Work to complete
Please write out the data that follows, word for word.

:: Data excerpt ::

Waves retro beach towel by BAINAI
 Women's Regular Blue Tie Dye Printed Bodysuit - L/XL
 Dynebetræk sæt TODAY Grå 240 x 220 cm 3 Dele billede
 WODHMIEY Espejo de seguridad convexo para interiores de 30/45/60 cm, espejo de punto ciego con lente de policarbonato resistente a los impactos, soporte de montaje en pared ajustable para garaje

:::

Output
Waves retro beach towel by BAINAI
 Women's Regular Blue Tie Dye Printed Bodysuit - L/XL
 Dynebetræk sæt TODAY Grå 240 x 220 cm 3 Dele billede
 WODHMIEY Espejo de seguridad convexo para interiores de 30/45/60 cm, espejo de punto ciego con lente de policarbonato resistente a los impactos, soporte de montaje en pared ajustable para garaje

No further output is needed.